### Aim of the task:
Please transcribe the records precisely; pictures stay out of your copy.

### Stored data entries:
::::
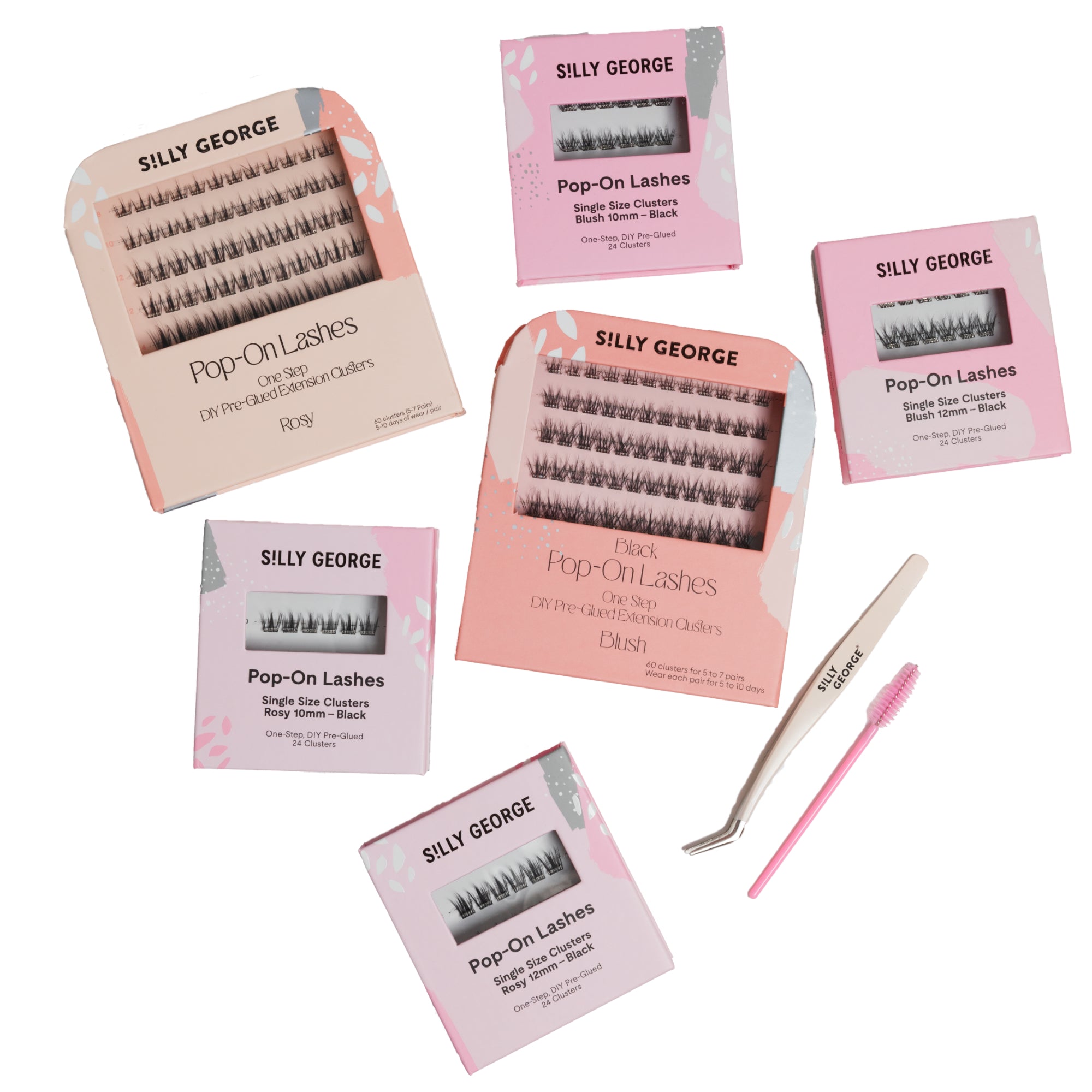 Pop-On Lashes™ Bundle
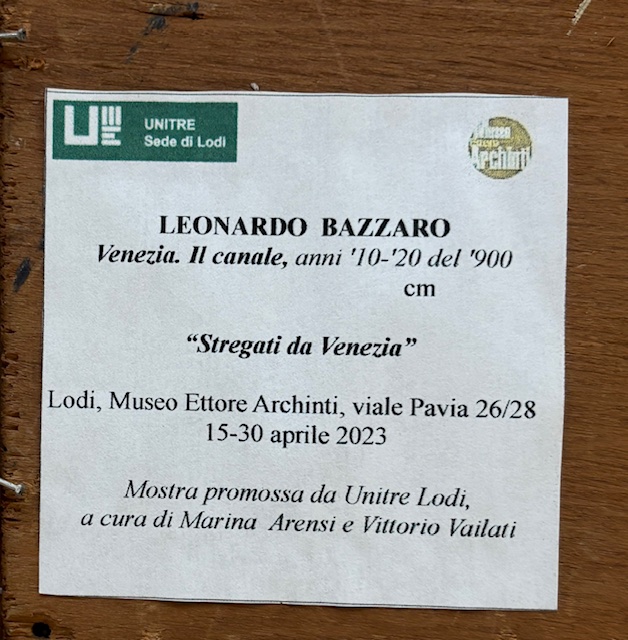 Leonardo BazzaroParticolare 3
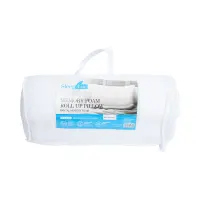 sleeplite-60x40-cm-bantal-roll-up-chop-memory-foam---putih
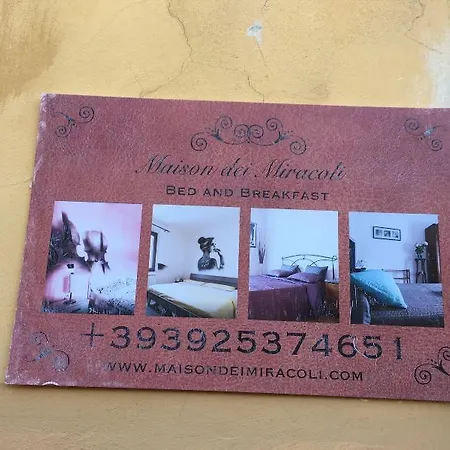 Bed & Breakfast Maison Dei Miracoli 2*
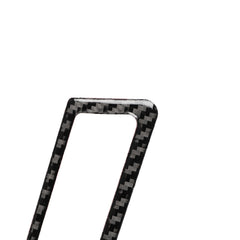 2 PCS Car Carbon Fiber A Column Air Outlet Frame Decorative Sticker for Infiniti Q50 / Q60 2014-2020, A Column Air Outlet Frame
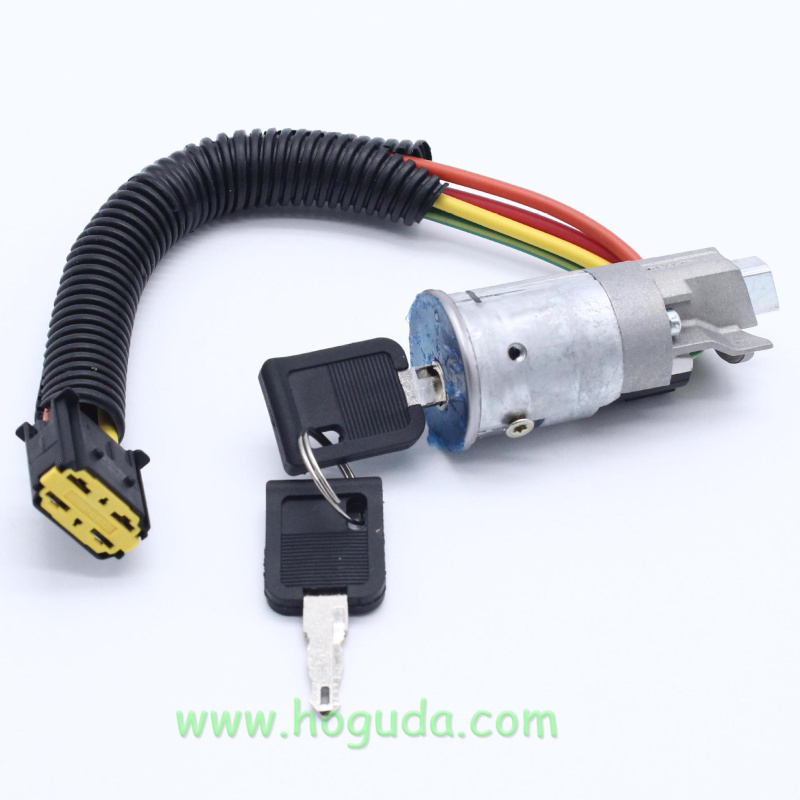 FOR RENAULT CLIO MK2 1998-2005  IGNITION BARREL SWITCH WITH TWO KEYS OE: 7701471098 7701469419 7701471220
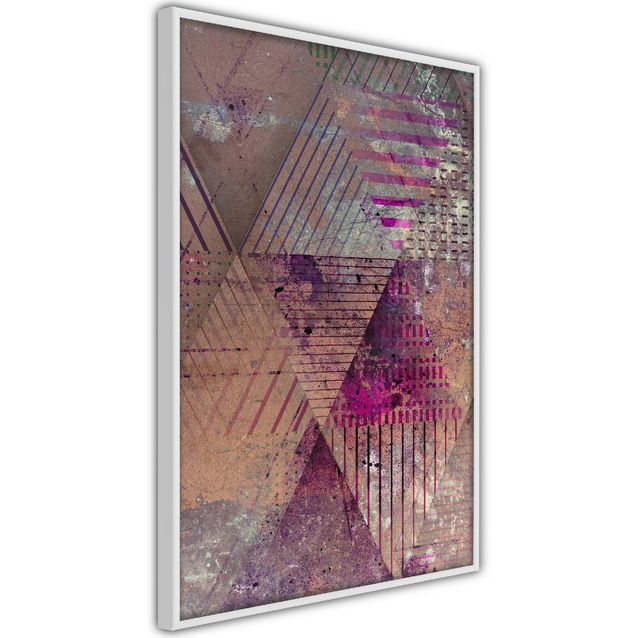 Juliste Artgeist Autumn Abstraction kehyksillä eri kokoja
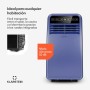 Klarstein Metrobreeze New York Smart 12k Aire Acondicionado Portátil - 12000 BTU, 35-59 m², Control App & Alexa, Ventilador &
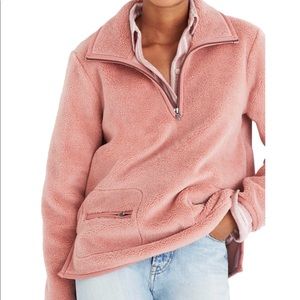 Madewell Zoey Fleece pullover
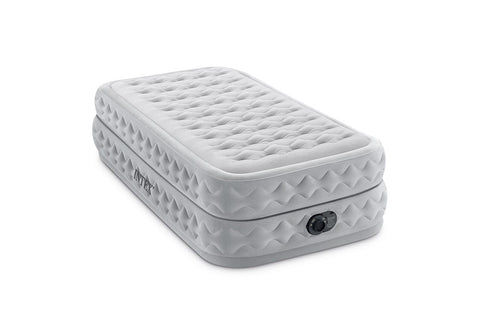 Darrahopens Outdoor Recreation > Camping > Inflatable Mattresses Intex Single Dura-Beam Deluxe Supreme Air-Flow Air Mattress 51cm 64488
::::
### Solved problem:
 Pop-On Lashes™ Bundle
 Leonardo BazzaroParticolare 3
 sleeplite-60x40-cm-bantal-roll-up-chop-memory-foam---putih
 Bed & Breakfast Maison Dei Miracoli 2*
 2 PCS Car Carbon Fiber A Column Air Outlet Frame Decorative Sticker for Infiniti Q50 / Q60 2014-2020, A Column Air Outlet Frame
 FOR RENAULT CLIO MK2 1998-2005  IGNITION BARREL SWITCH WITH TWO KEYS OE: 7701471098 7701469419 7701471220
 Juliste Artgeist Autumn Abstraction kehyksillä eri kokoja
 Klarstein Metrobreeze New York Smart 12k Aire Acondicionado Portátil - 12000 BTU, 35-59 m², Control App & Alexa, Ventilador &
 Madewell Zoey Fleece pullover
 Darrahopens Outdoor Recreation > Camping > Inflatable Mattresses Intex Single Dura-Beam Deluxe Supreme Air-Flow Air Mattress 51cm 64488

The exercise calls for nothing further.